Using windows hooks I send messages to my application, which is notified about Windows events by every application on the system.

To execute marshal of the message parameters, I use shared memories. The external process calls DuplicateHandle, but for sharing the handle with my application instance, it shall call OpenProcess with PROCESS_DUP_HANDLE privilege requirements.

Actually every application is able to send messages using this architecture, even if I need to enable SeDebugPrivilege to the external process. It actually works, except for the 'explorer' process, which doesn't have the SeDebugPrivilege token...

The documentation of AdjustTokenPrivileges states:

The AdjustTokenPrivileges function cannot add new privileges to the access token. It can only enable or disable the token's existing privileges. To determine the token's privileges, call the GetTokenInformation function.

So, the question is... how to add the SeDebugPrivilege token to 'explorer' process, or alternatively, how to allow 'explorer' process to call OpenProcess(PROCESS_DUP_HANDLE, FALSE, pId)?

2

2 Answers

4
votes

I don't understand why you don't use named shared memory. If your shared memory objects have a name, then this objects can be opened without the usage of DuplicateHandle.

If you do have to use DuplicateHandle and need be able to use OpenProcess(PROCESS_DUP_HANDLE, FALSE, pId) inside of any process I find that you should don't use SeDebugPrivilege. Instead of that you should grant permission of PROCESS_DUP_HANDLE to everyone for the process with pId. If you create a process you can specify security descriptor. If the process is already created you can use OpenProcess, GetSecurityInfo (see http://msdn.microsoft.com/en-us/library/aa446654.aspx) and SetSecurityInfo to modify security descriptor of the process.

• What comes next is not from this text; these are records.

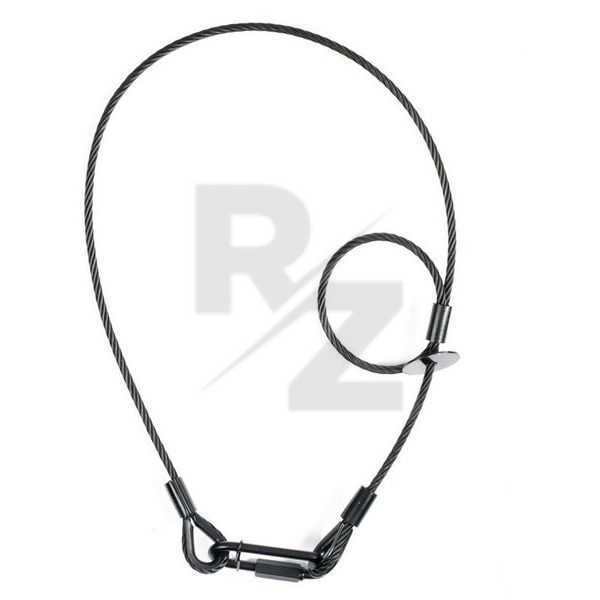Image Accu-Cable Safety SC5B 5mm 45kg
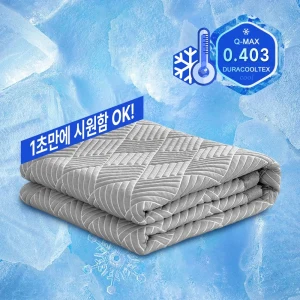 TOP7 냉감 패드 추천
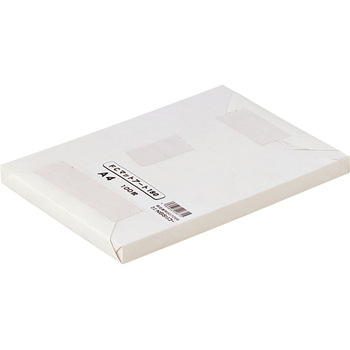 NBSリコー FCマットアート180 A4 907268 1冊(100枚)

To test this approach you can just start Process Explorer (see http://technet.microsoft.com/en-us/sysinternals/bb896653.aspx) with administrative rights, open Security tab of the selected process (process with pId) and modify its security descriptor. After that all processes will be able to use OpenProcess(PROCESS_DUP_HANDLE, FALSE, pId) without to enable SeDebugPrivilege.

1
votes

Is this what you're trying to accomplish?

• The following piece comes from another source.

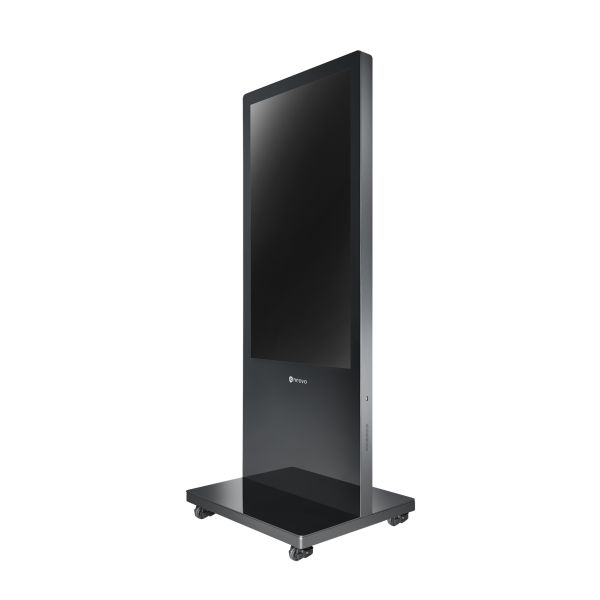 AG Neovo PF-55H Kiosk-ontwerp 138,7 cm (54.6") VA 700 cd/m² Full HD Zwart (PF5H0011E0000)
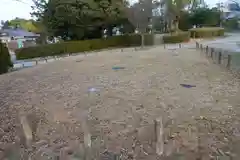 和気神社の建物その他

  1. Create a block of shared memory in the "external" process.
  2. Use DuplicateHandle to create a handle to that memory in your application
  3. Use a window message to send the handle value to your application
  4. Access the shared memory in your application

If I've understood correctly, then you don't need to open the handle to your application process at all. Instead, just give the shared memory block a deterministic name, such as SharedMem_XXX where XXX is the PID of the external process. Then, send the PID to your application using a window message. It can then recreate the name and use it to open the shared memory block.